Tradeoffs: Software video encoders have good quality, but are slow. Hardware encoders have lower quality, but are fast and don’t consume much power.
Life streaming requires real–time distribution of data from one to many participants. net2o uses an avalanche tree distribution for streaming: Data stream blocks are partitioned. Each partition is send to a tree of nodes. The branch nodes send it forward to further nodes. The leaf nodes send it forward to nodes from other partitions. This makes sure that every node has the same load.
The dangling edges that point nowhere show that it is possible to add one further node to this tree at any point in time. The tree allows to have low–latency streaming to many participants. The fanout here is four; in reality, it can be significantly bigger.
For timeshift streaming alone, a much simpler relation is possible: an ordinary queue. Every watcher starts by being added to the tail of the queue, watching the video stream right from start. It takes that stream from the one next in the queue, which got it recently. If the delay between two participants becomes too small for that simple queue, the real–time streaming tree concept can be used for them.
Timeshift streaming watchers who skip over parts have to change the position in the queue. Since they then don’t have the entire video, they can‘t distribute all of it. Everybody still can contribute as much as he consumes, it is still a fair share.
Collection tree and mixing
Each active node in a video conference creates a stream of data. Mixing the data is distributed; sending it directly to one central instance will easily overwealm that one.
- Leaf nodes send their stream upwards. Audio is processed by applying filter, volume control and spatial audio at the leaf, video streams are truncated and scaled down as necessary.
- Participants can offer their own stream as life stream for others to join, but other nodes will only select one or two life streams
- Branch nodes combine leaf node streams and own stream to mixed stream
- Audio is just mixed together
- Video is stiched together (if possible without transcoding, see for example this paper using HEVC for stitching videos together)
- Rogue participants ignoring commands are muted either here or if the entire branch is rogue, at the root
- Root node combines final downmix, and distribute that as life stream
- Every participant has one single upstream
- Branch nodes have multiple downstreams (asymmetric subscriber lines work well here)

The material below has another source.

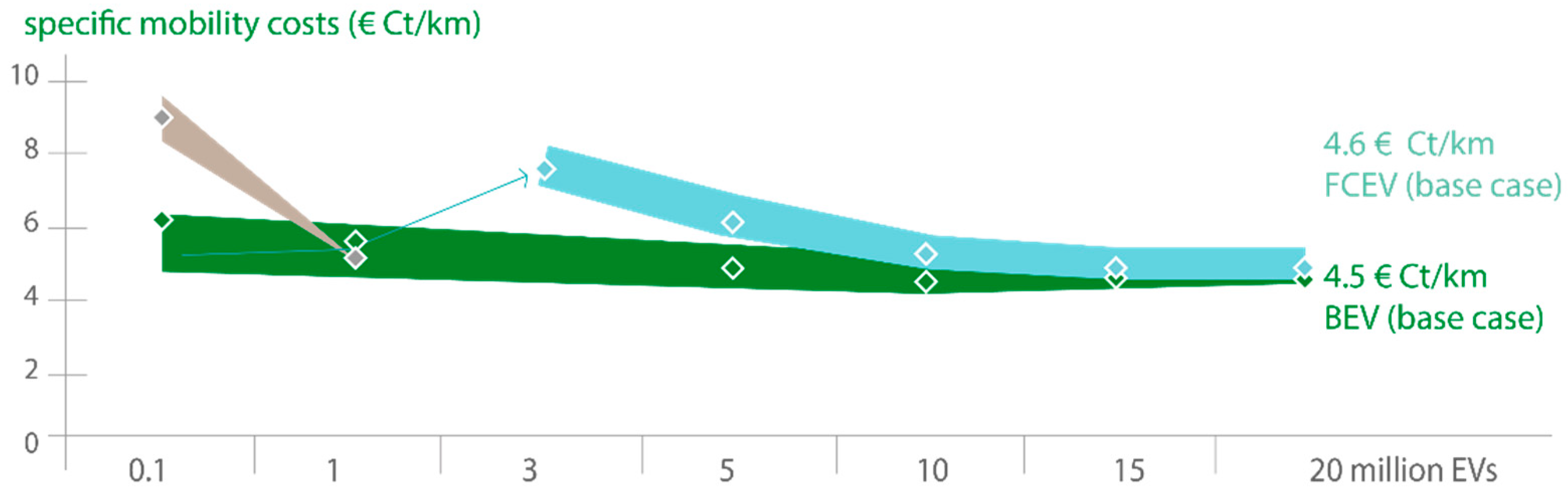 Energies 14 07945 g003 550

- Every participant handles a fair share of the central stream distribution
- Every participant needs to encode one stream + local copies of the own recording
- Every participant needs to decode more than one stream
- The instructions how to downscale and mix the incoming streams come from the moderator node
The own recording is available afterwards for remixing the entire conference with higher quality, or in case connection losses took out participants and people want to check what they missed.